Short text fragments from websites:
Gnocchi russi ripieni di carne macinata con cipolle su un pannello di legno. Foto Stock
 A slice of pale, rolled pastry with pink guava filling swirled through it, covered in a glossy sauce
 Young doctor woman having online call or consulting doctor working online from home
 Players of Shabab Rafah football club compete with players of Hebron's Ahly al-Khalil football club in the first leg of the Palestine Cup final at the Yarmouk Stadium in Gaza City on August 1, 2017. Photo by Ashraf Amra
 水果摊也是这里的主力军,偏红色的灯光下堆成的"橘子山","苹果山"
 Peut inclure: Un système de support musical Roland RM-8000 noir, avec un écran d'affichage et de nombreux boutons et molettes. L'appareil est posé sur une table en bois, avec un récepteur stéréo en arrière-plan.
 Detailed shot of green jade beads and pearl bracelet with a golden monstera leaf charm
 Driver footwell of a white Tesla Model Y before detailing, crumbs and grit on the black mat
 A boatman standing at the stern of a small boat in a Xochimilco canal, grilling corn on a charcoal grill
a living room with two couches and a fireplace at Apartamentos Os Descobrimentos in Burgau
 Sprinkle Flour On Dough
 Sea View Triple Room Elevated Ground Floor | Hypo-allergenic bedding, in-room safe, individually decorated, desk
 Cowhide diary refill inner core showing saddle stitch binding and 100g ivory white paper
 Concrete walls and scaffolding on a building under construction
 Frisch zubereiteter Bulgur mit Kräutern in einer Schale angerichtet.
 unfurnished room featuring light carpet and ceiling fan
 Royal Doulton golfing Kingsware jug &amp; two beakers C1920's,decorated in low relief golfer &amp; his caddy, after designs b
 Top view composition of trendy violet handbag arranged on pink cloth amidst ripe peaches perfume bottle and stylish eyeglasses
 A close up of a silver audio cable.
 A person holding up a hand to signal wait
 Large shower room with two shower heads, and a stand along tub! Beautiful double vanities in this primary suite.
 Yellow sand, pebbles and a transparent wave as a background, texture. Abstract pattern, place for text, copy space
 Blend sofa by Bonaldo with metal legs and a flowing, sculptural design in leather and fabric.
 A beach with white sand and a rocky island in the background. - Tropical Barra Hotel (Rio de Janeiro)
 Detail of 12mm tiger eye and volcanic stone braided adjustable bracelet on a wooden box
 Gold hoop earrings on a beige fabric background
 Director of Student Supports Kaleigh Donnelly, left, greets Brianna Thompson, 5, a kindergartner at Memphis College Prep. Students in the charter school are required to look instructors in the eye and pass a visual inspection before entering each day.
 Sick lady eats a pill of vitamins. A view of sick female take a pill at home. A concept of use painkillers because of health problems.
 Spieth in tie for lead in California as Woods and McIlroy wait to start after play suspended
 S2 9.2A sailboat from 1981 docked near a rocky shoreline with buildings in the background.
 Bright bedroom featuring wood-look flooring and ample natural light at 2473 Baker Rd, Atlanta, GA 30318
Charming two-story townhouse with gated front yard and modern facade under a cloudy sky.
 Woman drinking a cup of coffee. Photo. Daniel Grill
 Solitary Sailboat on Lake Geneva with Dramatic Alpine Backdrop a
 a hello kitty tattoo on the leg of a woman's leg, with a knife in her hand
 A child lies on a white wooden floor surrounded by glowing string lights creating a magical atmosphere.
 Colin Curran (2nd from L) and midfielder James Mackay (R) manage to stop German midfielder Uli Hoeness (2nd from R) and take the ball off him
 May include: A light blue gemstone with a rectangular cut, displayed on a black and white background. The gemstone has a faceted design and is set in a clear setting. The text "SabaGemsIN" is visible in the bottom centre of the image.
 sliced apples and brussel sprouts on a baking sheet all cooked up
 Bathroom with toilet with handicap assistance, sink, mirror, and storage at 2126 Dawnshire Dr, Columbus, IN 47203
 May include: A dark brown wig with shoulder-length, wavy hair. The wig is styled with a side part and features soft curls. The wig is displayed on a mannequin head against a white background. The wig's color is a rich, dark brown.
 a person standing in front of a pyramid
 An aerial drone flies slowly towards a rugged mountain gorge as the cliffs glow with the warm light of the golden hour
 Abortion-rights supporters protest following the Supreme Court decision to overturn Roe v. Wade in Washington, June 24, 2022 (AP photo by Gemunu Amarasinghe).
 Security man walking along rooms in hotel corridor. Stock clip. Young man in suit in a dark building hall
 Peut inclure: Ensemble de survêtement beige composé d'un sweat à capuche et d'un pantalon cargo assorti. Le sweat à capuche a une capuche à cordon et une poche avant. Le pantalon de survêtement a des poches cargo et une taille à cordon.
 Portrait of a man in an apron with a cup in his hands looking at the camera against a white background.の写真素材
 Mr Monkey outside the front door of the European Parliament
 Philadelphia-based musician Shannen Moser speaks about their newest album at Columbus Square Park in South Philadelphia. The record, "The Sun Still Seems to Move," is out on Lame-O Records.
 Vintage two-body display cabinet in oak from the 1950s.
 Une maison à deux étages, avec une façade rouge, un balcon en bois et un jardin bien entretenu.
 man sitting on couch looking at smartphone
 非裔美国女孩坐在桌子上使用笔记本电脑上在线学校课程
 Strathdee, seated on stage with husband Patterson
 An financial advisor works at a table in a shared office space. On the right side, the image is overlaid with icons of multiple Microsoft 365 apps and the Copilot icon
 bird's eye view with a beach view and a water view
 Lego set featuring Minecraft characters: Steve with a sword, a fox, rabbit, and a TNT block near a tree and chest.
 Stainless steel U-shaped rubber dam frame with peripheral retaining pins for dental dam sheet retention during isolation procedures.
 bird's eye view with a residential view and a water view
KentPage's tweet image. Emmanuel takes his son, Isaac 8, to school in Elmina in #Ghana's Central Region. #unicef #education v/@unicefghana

Exercise prompt :: Output all records verbatim.

Task output ::
Gnocchi russi ripieni di carne macinata con cipolle su un pannello di legno. Foto Stock
 A slice of pale, rolled pastry with pink guava filling swirled through it, covered in a glossy sauce
 Young doctor woman having online call or consulting doctor working online from home
 Players of Shabab Rafah football club compete with players of Hebron's Ahly al-Khalil football club in the first leg of the Palestine Cup final at the Yarmouk Stadium in Gaza City on August 1, 2017. Photo by Ashraf Amra
 水果摊也是这里的主力军,偏红色的灯光下堆成的"橘子山","苹果山"
 Peut inclure: Un système de support musical Roland RM-8000 noir, avec un écran d'affichage et de nombreux boutons et molettes. L'appareil est posé sur une table en bois, avec un récepteur stéréo en arrière-plan.
 Detailed shot of green jade beads and pearl bracelet with a golden monstera leaf charm
 Driver footwell of a white Tesla Model Y before detailing, crumbs and grit on the black mat
 A boatman standing at the stern of a small boat in a Xochimilco canal, grilling corn on a charcoal grill
a living room with two couches and a fireplace at Apartamentos Os Descobrimentos in Burgau
 Sprinkle Flour On Dough
 Sea View Triple Room Elevated Ground Floor | Hypo-allergenic bedding, in-room safe, individually decorated, desk
 Cowhide diary refill inner core showing saddle stitch binding and 100g ivory white paper
 Concrete walls and scaffolding on a building under construction
 Frisch zubereiteter Bulgur mit Kräutern in einer Schale angerichtet.
 unfurnished room featuring light carpet and ceiling fan
 Royal Doulton golfing Kingsware jug &amp; two beakers C1920's,decorated in low relief golfer &amp; his caddy, after designs b
 Top view composition of trendy violet handbag arranged on pink cloth amidst ripe peaches perfume bottle and stylish eyeglasses
 A close up of a silver audio cable.
 A person holding up a hand to signal wait
 Large shower room with two shower heads, and a stand along tub! Beautiful double vanities in this primary suite.
 Yellow sand, pebbles and a transparent wave as a background, texture. Abstract pattern, place for text, copy space
 Blend sofa by Bonaldo with metal legs and a flowing, sculptural design in leather and fabric.
 A beach with white sand and a rocky island in the background. - Tropical Barra Hotel (Rio de Janeiro)
 Detail of 12mm tiger eye and volcanic stone braided adjustable bracelet on a wooden box
 Gold hoop earrings on a beige fabric background
 Director of Student Supports Kaleigh Donnelly, left, greets Brianna Thompson, 5, a kindergartner at Memphis College Prep. Students in the charter school are required to look instructors in the eye and pass a visual inspection before entering each day.
 Sick lady eats a pill of vitamins. A view of sick female take a pill at home. A concept of use painkillers because of health problems.
 Spieth in tie for lead in California as Woods and McIlroy wait to start after play suspended
 S2 9.2A sailboat from 1981 docked near a rocky shoreline with buildings in the background.
 Bright bedroom featuring wood-look flooring and ample natural light at 2473 Baker Rd, Atlanta, GA 30318
Charming two-story townhouse with gated front yard and modern facade under a cloudy sky.
 Woman drinking a cup of coffee. Photo. Daniel Grill
 Solitary Sailboat on Lake Geneva with Dramatic Alpine Backdrop a
 a hello kitty tattoo on the leg of a woman's leg, with a knife in her hand
 A child lies on a white wooden floor surrounded by glowing string lights creating a magical atmosphere.
 Colin Curran (2nd from L) and midfielder James Mackay (R) manage to stop German midfielder Uli Hoeness (2nd from R) and take the ball off him
 May include: A light blue gemstone with a rectangular cut, displayed on a black and white background. The gemstone has a faceted design and is set in a clear setting. The text "SabaGemsIN" is visible in the bottom centre of the image.
 sliced apples and brussel sprouts on a baking sheet all cooked up
 Bathroom with toilet with handicap assistance, sink, mirror, and storage at 2126 Dawnshire Dr, Columbus, IN 47203
 May include: A dark brown wig with shoulder-length, wavy hair. The wig is styled with a side part and features soft curls. The wig is displayed on a mannequin head against a white background. The wig's color is a rich, dark brown.
 a person standing in front of a pyramid
 An aerial drone flies slowly towards a rugged mountain gorge as the cliffs glow with the warm light of the golden hour
 Abortion-rights supporters protest following the Supreme Court decision to overturn Roe v. Wade in Washington, June 24, 2022 (AP photo by Gemunu Amarasinghe).
 Security man walking along rooms in hotel corridor. Stock clip. Young man in suit in a dark building hall
 Peut inclure: Ensemble de survêtement beige composé d'un sweat à capuche et d'un pantalon cargo assorti. Le sweat à capuche a une capuche à cordon et une poche avant. Le pantalon de survêtement a des poches cargo et une taille à cordon.
 Portrait of a man in an apron with a cup in his hands looking at the camera against a white background.の写真素材
 Mr Monkey outside the front door of the European Parliament
 Philadelphia-based musician Shannen Moser speaks about their newest album at Columbus Square Park in South Philadelphia. The record, "The Sun Still Seems to Move," is out on Lame-O Records.
 Vintage two-body display cabinet in oak from the 1950s.
 Une maison à deux étages, avec une façade rouge, un balcon en bois et un jardin bien entretenu.
 man sitting on couch looking at smartphone
 非裔美国女孩坐在桌子上使用笔记本电脑上在线学校课程
 Strathdee, seated on stage with husband Patterson
 An financial advisor works at a table in a shared office space. On the right side, the image is overlaid with icons of multiple Microsoft 365 apps and the Copilot icon
 bird's eye view with a beach view and a water view
 Lego set featuring Minecraft characters: Steve with a sword, a fox, rabbit, and a TNT block near a tree and chest.
 Stainless steel U-shaped rubber dam frame with peripheral retaining pins for dental dam sheet retention during isolation procedures.
 bird's eye view with a residential view and a water view
KentPage's tweet image. Emmanuel takes his son, Isaac 8, to school in Elmina in #Ghana's Central Region. #unicef #education v/@unicefghana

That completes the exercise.